# EI Calculator - Is it correct?



## gabriel.basso (24 Oct 2017)

Hey guys, how are you?

I'm starting to dose EI on my tank and got a little confused using Rotala Butterfly calculator.
My tank has 180 liters (49 gallons), but I considered only 126 liters (70%), since it has a very high slope, a lot of substrate, woods and stones.

To get the results I considered then 126 liters, a solution of 800ml, and 40ml per dose.
I made a spreadsheet compiling the results:




 

The calculator shows me the results based on these targets:
- NO3: 7.5ppm per dose / 22.5ppm 3x per week
- PO4: 1.3ppm per dose / 3.9ppm 3x per week
- K: 7.5ppm per dose / 22.5ppm 3x per week
- Mg: 5ppm per dose / 15ppm 3x per week

At this point I already noticed a slight difference between these targets and what I found here in UKAPs posts as a weekly ppm reference:
- NO3: 20ppm
- PO4: 3ppm 
- K: 30ppm
- Mg: 10ppm 

Initially for the macro solution I was thinking of dosing only KNO3, KH2SO4 and MgSO4, but in the end I would have a lack of K, only 15ppm per week when the target is 30ppm. So I added K2SO4 to the list to reach the target.

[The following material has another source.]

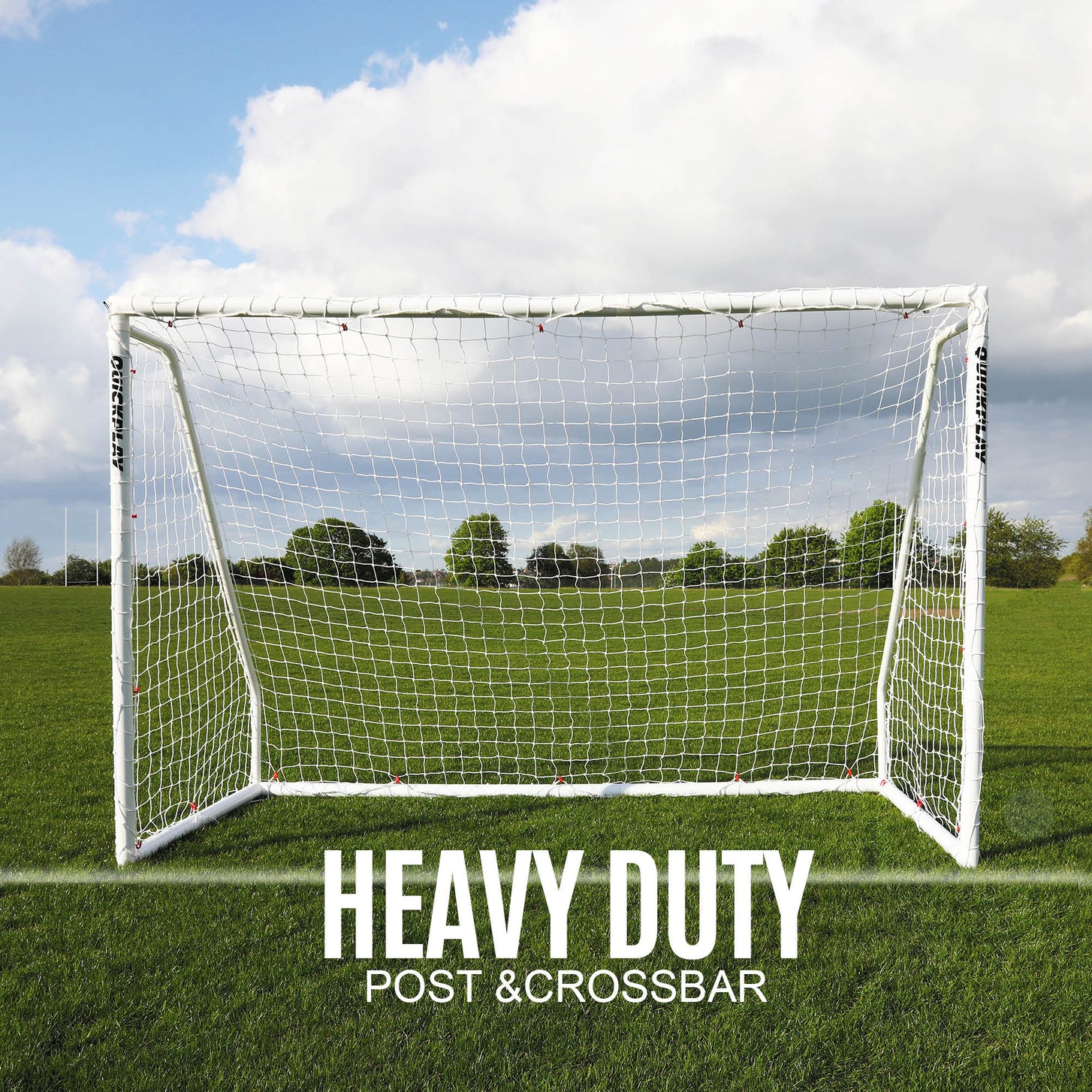 Q-FOLD Match 3x2m goal seen from the front on a grass field, with the text "Heavy duty post & crossbar".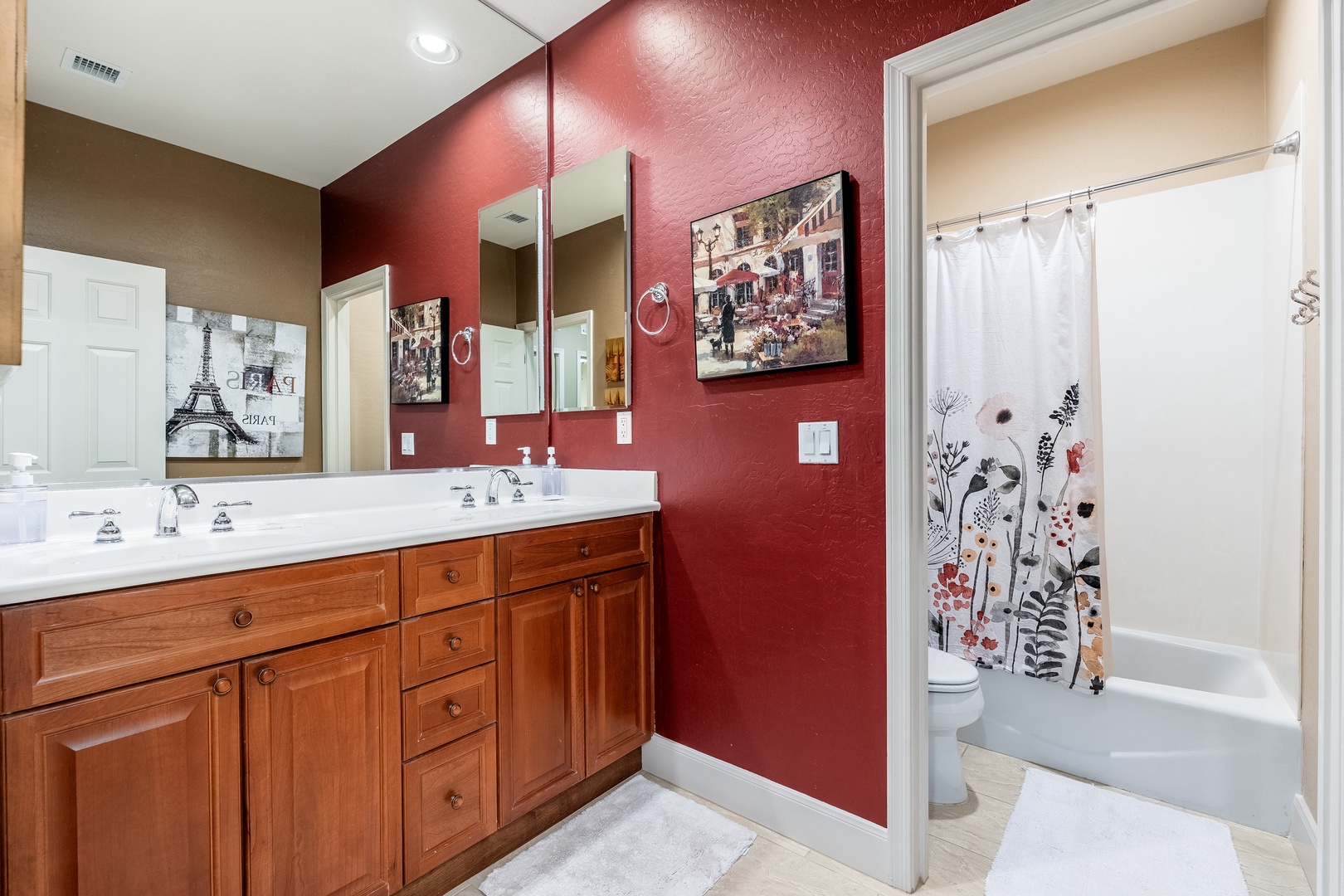 Step into your private bathroom—a stylish retreat featuring warm wood cabinetry, elegant dual sinks, and a deep tub behind a charming floral curtain, perfect for unwinding after exploring.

Therefore I have some questions:

- Are those Rotala calc results correct?
- The amount of Mg to be added into a 800ml solution for a 126 liters tank is really 575mg (0,57kg)?!!!
- Am I correct adding K2SO4 to the solution to reach K target?

Sorry for my english... its not my native language but I hope you will understand.

Thanks!


----------



## John S (24 Oct 2017)

When you put your aquarium size in are you sure you selected 126 Litres and not US Gallons?


----------



## gabriel.basso (24 Oct 2017)

John S said:


> When you put your aquarium size in are you sure you selected 126 Litres and not US Gallons?


Yes.. sure I put in litres. 

Sent from my SM-G935F using Tapatalk


----------



## John S (25 Oct 2017)

I've just run the calculator for KNO3, 800ml bottle, 40ml dose and 126 Liters with a result of 30.82g to add to the solution.
I then run it with 126 US gallons and get 116.65g which is what you have in your original table?


----------



## gabriel.basso (25 Oct 2017)

John S said:


> I've just run the calculator for KNO3, 800ml bottle, 40ml dose and 126 Liters with a result of 30.82g to add to the solution.
> I then run it with 126 US gallons and get 116.65g which is what you have in your original table?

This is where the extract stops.